Top of DATASET RECORDS

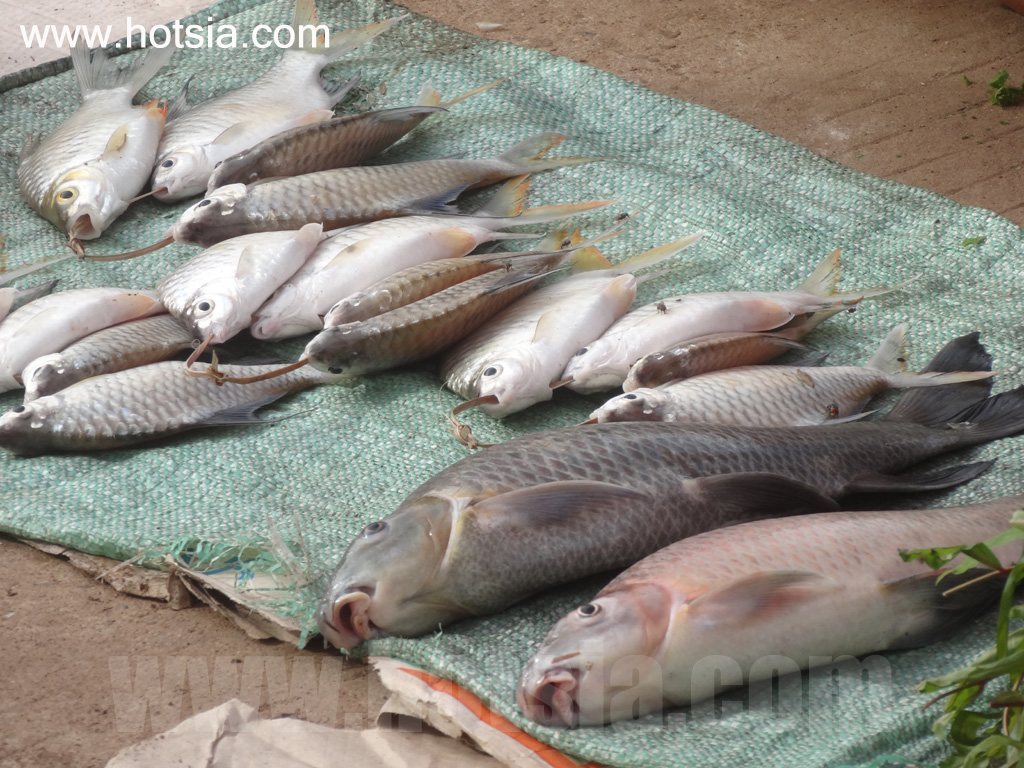 จำปาสัก ตลาดเย็นนากะสัง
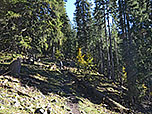 ...stets links von der Piste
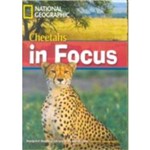 Footprint Reading Library - Level 6 - 2200 B2 - Cheetahs In Focus - Britis
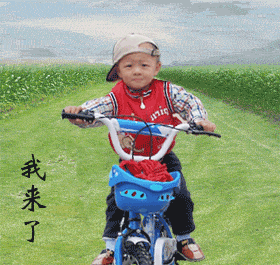 美女哦63 / 作者:否定一切 / 帖子ID:3594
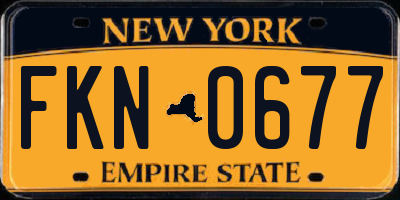 NY license plate FKN0677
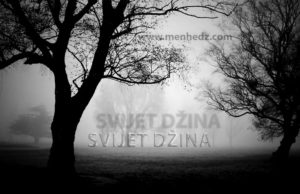 Osnovne informacije u vezi sa svijetom džina i šejtana: Od čega su i kako stvoreni, kako izgledaju… džinni, šejtani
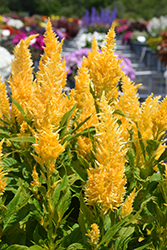 Kelos Fire Yellow Celosia (Celosia 'Kelos Fire Yellow') at Lakeshore Garden Centres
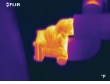 Jersey Infrared Consultants Newsletter for Fall 2017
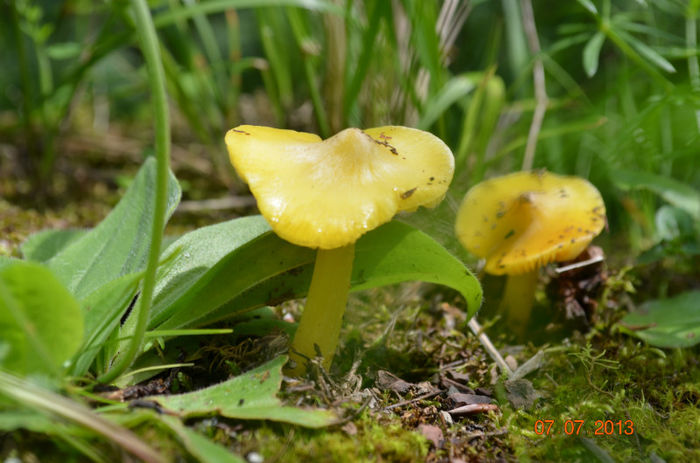 DSC_8857 - Lepsa-Vrancea
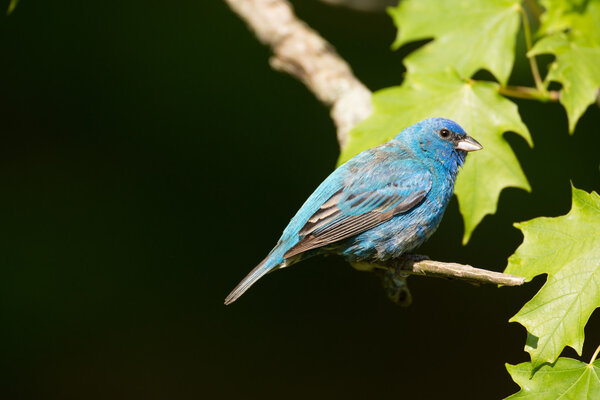 Индиго-блинчики в дереве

Bottom of DATASET RECORDS

## THE TASK
With the pictures dropped, write out all of the entries word for word.

## ANSWER SPACE
 จำปาสัก ตลาดเย็นนากะสัง
 ...stets links von der Piste
 Footprint Reading Library - Level 6 - 2200 B2 - Cheetahs In Focus - Britis
 美女哦63 / 作者:否定一切 / 帖子ID:3594
 NY license plate FKN0677
 Osnovne informacije u vezi sa svijetom džina i šejtana: Od čega su i kako stvoreni, kako izgledaju… džinni, šejtani
 Kelos Fire Yellow Celosia (Celosia 'Kelos Fire Yellow') at Lakeshore Garden Centres
 Jersey Infrared Consultants Newsletter for Fall 2017
 DSC_8857 - Lepsa-Vrancea
 Индиго-блинчики в дереве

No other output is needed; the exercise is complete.